▸ **Work to be completed**: Copy the data below exactly. Any pictures in it should be omitted.

▸ **Data extract**:
━━━━━━━━━━━━━━━━

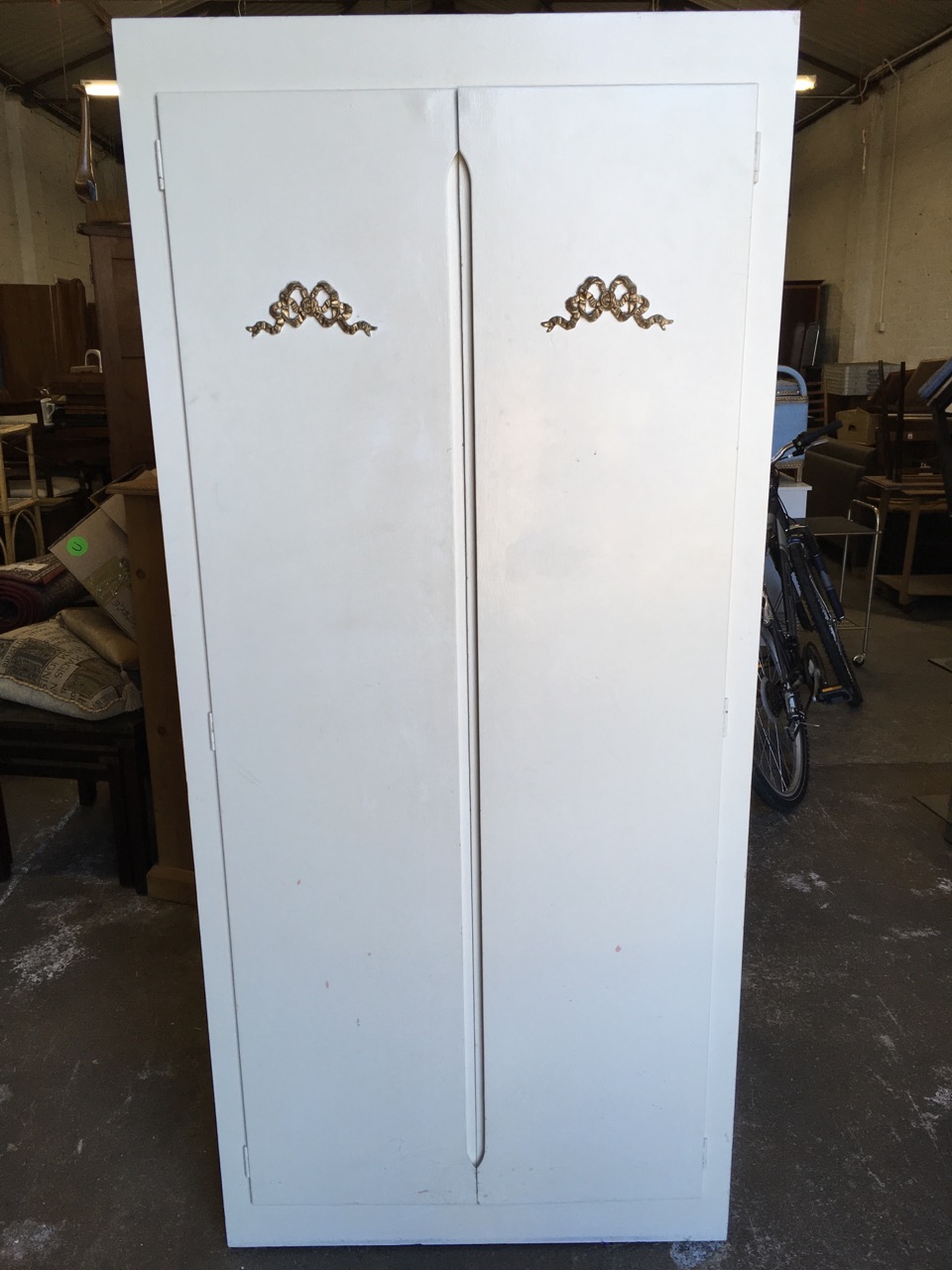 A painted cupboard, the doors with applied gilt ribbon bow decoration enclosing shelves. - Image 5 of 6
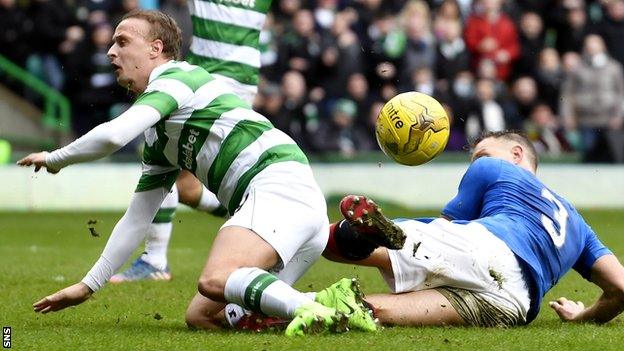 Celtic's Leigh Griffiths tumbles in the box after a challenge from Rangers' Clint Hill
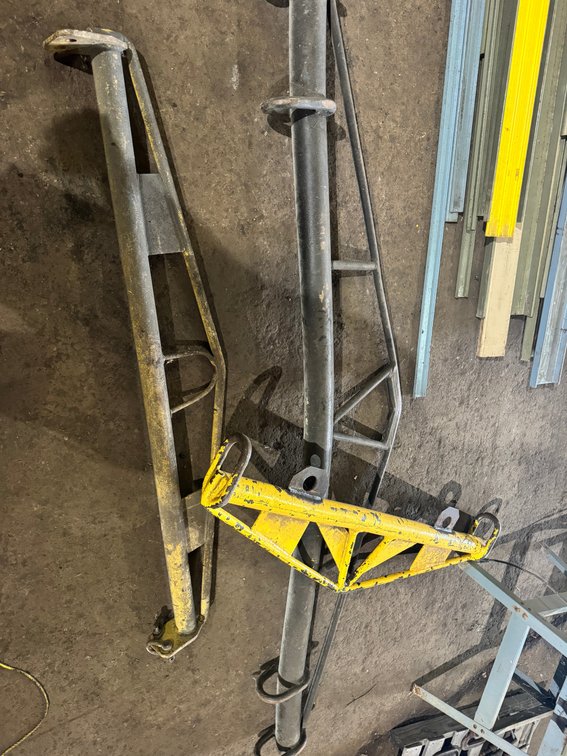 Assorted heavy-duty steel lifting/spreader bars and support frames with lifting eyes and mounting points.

━━━━━━━━━━━━━━━━

▸ **Answer box**:
 A painted cupboard, the doors with applied gilt ribbon bow decoration enclosing shelves. - Image 5 of 6
 Celtic's Leigh Griffiths tumbles in the box after a challenge from Rangers' Clint Hill
 Assorted heavy-duty steel lifting/spreader bars and support frames with lifting eyes and mounting points.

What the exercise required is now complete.